# THE TASK:
From the line containing "map of restaurants, bars, coffee" through the last line of the material, copy every line exactly, both ends inclusive; do not copy pictures.

# RECORD EXTRACTS:
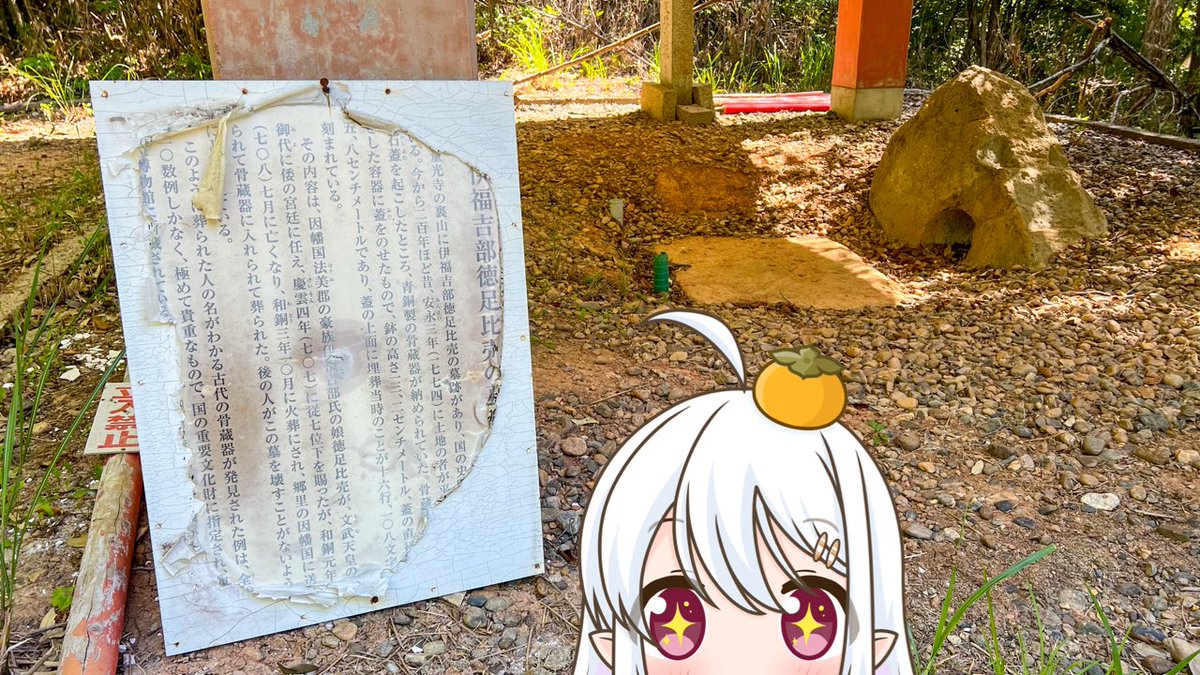 otane_ch's tweet photo. おはようございま〜す🌱

#鳥取市 の #伊福吉部徳足比売墓跡 は、かつて文武天皇に仕えていた #伊福吉部徳足比売 さんが葬られたお墓なんですっ✨

日本における火葬は700年が最初の例とされ、当時の様子を知るものとして、学術的に貴重なんで��よ〜🪷

#鳥取県
#ご当地Vtuber
https://t.co/EBsksxbNyJ https://t.co/po71ACEL5M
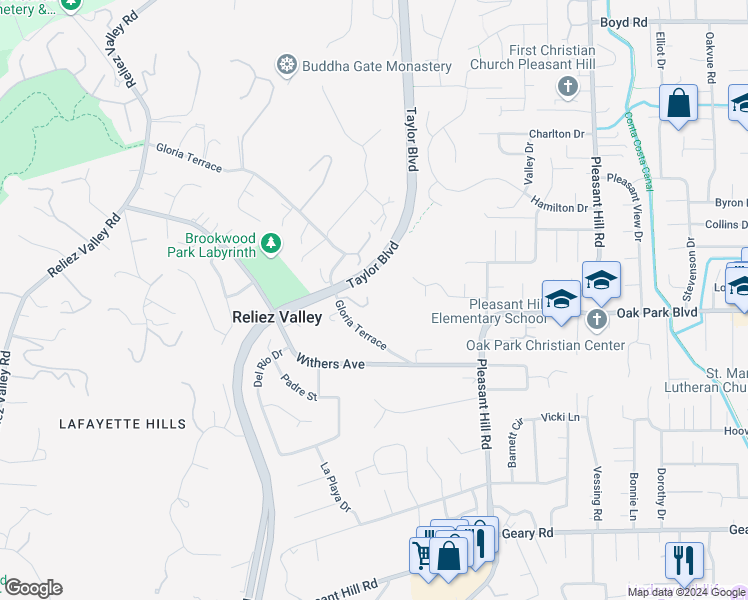map of restaurants, bars, coffee shops, grocery stores, and more near Vía La Cumbre in Lafayette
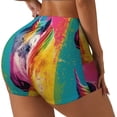 thumbnail image 1 of Goofa Watercolor White Horse Printed Workout Shorts Women Seamless Scrunch Butt Lifting High Waisted Gym Booty Shorts Elastic Workout Shorts-X-Large, 1 of 8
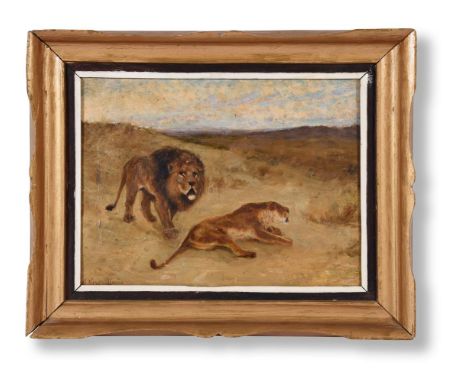 TOM NOYES LEWIS (BRITISH FL. 1835-1852)STUDY OF LION AND LIONESSOil on canvas Signed (lower left)30 x 38cm (11¾ x 14¾ in.)Con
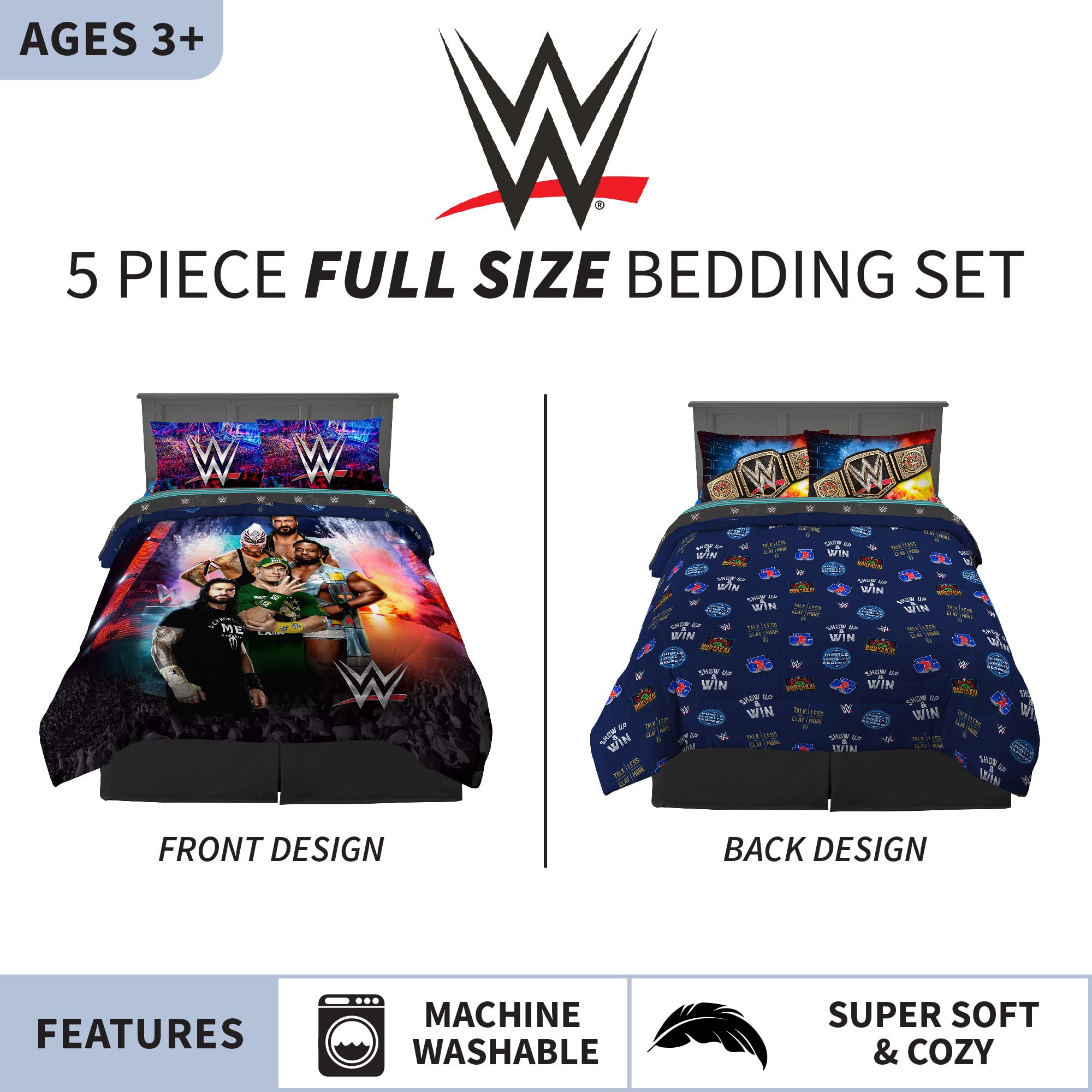 Franco WWE catchphrases sheets set with vibrant print for lively bedtimes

# ANSWER SECTION:
map of restaurants, bars, coffee shops, grocery stores, and more near Vía La Cumbre in Lafayette
 thumbnail image 1 of Goofa Watercolor White Horse Printed Workout Shorts Women Seamless Scrunch Butt Lifting High Waisted Gym Booty Shorts Elastic Workout Shorts-X-Large, 1 of 8
 TOM NOYES LEWIS (BRITISH FL. 1835-1852)STUDY OF LION AND LIONESSOil on canvas Signed (lower left)30 x 38cm (11¾ x 14¾ in.)Con
 Franco WWE catchphrases sheets set with vibrant print for lively bedtimes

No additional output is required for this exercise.